Although the importance of this final statement is still to be teased out (can one truly exhaust all the possible variations within a text?; is there ever a new form that the text might take on?), it does bring this short account full circle to that point from which it set out, i.e. positing a parallel between Adorno and Deleuze. Preliminary exposition now completed, in what can this parallel between Darstellung and style be said to consist more precisely?

It has previously been stated that those same candidates for different Darstellung in the history of philosophy also reappear in Deleuze’s list of candidates for different philosophical stylesYet the full import of this similarity can be brought home in noting that, like Adorno, Deleuze thinks that new ways of thinking are to be secured through new linguistic forms, particularly at the level of syntactic innovation. Deleuze often compares this innovation to speaking a foreign language or, more precisely, opening up room for a foreign language in one’s own language. As opposed to Adorno’s dialectical sentence, Deleuze’s syntactic innovation is to be found in the reprisal and transformation of key terms both within individual works and from one work to another (e.g. the transition from Idée to concept and the myriad other forms that this notion takes on). In sum, for Deleuze and Adorno alike, the performative character of philosophical language is key to its opening up new possibilities for philosophical thought and expression.

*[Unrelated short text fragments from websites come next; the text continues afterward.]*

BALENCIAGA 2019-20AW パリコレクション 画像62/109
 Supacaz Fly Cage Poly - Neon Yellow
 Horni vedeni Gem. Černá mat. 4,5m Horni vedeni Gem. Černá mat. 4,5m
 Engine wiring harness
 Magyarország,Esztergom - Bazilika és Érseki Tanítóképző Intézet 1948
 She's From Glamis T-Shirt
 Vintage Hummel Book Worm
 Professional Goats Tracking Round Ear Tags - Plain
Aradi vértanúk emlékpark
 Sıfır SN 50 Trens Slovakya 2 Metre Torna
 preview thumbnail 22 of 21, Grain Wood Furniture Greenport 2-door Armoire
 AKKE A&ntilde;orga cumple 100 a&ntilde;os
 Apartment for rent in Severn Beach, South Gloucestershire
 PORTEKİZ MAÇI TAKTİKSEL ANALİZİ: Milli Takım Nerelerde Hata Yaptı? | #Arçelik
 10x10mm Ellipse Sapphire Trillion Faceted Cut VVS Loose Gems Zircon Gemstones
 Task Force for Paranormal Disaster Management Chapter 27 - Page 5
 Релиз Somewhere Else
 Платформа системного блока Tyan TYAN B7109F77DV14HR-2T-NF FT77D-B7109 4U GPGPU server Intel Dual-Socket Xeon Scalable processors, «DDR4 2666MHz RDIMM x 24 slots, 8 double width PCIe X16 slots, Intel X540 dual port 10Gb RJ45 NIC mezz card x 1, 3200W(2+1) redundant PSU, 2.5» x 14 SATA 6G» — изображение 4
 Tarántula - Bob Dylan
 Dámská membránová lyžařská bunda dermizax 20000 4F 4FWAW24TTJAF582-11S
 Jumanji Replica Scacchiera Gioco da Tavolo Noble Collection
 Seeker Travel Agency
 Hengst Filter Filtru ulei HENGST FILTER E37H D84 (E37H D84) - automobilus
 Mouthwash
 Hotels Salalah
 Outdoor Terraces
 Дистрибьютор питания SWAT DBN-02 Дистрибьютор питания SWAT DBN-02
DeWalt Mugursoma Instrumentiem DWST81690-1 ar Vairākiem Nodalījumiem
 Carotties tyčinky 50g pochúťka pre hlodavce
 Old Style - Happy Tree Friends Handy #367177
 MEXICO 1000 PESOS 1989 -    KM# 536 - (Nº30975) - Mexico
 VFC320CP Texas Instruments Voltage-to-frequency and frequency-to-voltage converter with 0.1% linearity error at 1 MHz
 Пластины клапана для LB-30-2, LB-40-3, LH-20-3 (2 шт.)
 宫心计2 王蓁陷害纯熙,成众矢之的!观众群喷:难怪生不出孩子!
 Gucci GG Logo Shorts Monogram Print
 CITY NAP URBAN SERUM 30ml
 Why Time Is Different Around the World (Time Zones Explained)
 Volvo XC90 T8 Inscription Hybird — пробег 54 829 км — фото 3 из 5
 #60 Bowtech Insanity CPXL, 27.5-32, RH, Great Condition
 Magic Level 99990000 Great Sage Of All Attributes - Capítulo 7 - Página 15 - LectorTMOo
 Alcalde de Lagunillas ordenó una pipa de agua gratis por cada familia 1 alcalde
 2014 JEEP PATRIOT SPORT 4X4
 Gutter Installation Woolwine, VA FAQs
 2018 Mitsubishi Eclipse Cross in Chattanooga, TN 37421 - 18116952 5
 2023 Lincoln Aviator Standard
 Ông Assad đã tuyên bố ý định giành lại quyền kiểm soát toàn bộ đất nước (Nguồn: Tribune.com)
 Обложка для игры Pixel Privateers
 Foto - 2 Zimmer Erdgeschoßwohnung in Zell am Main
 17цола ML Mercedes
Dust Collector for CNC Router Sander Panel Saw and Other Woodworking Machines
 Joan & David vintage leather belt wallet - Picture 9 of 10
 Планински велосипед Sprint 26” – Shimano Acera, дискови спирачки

In addition to this performative quality, both emphasize the processual character of thought and concept-forming. Just as for Adorno, concepts must evolve in time with style in response to the problems that the experiencing subject encounters and only progressively develops. For Deleuze, the problem and the various lines of questioning that it further entails are not given beforehand and can only be developed by the thinking subject with some difficulty. Indeed, the “content” of such a problem can never be known before its resolution; at best, the problem and its content are only ever “felt” by the subject. This problematological model is key for Deleuze to overturning classical philosophical presuppositions and the “postulats de la représentation”, which concern in equal parts the processes of thought and the phases of argumentation as they are typically delineated in the philosophical tradition.

Again, one sees here a key area on which Adorno and Deleuze are close, contrary to Jameson’s attempts to distance Adorno from the so-called postmodern. Although Jameson ordinarily does right by this, on this reading, there can be found a certain kinship between the two thinkers. Still, their differences are not to be downplayed.  If, for Adorno, the dialectic sentence traces the constellation of the Idea, i.e. the interrelation of concepts, which achieves some form of closure as its possible variations are exhausted, for Deleuze, the equivalent formation, i.e. the concept, is subject to endless permutation and shifting and, as such, will forever be subject to repetition and further elaboration. The Deleuzian concept can never be exhausted and remains forever an open-ended system.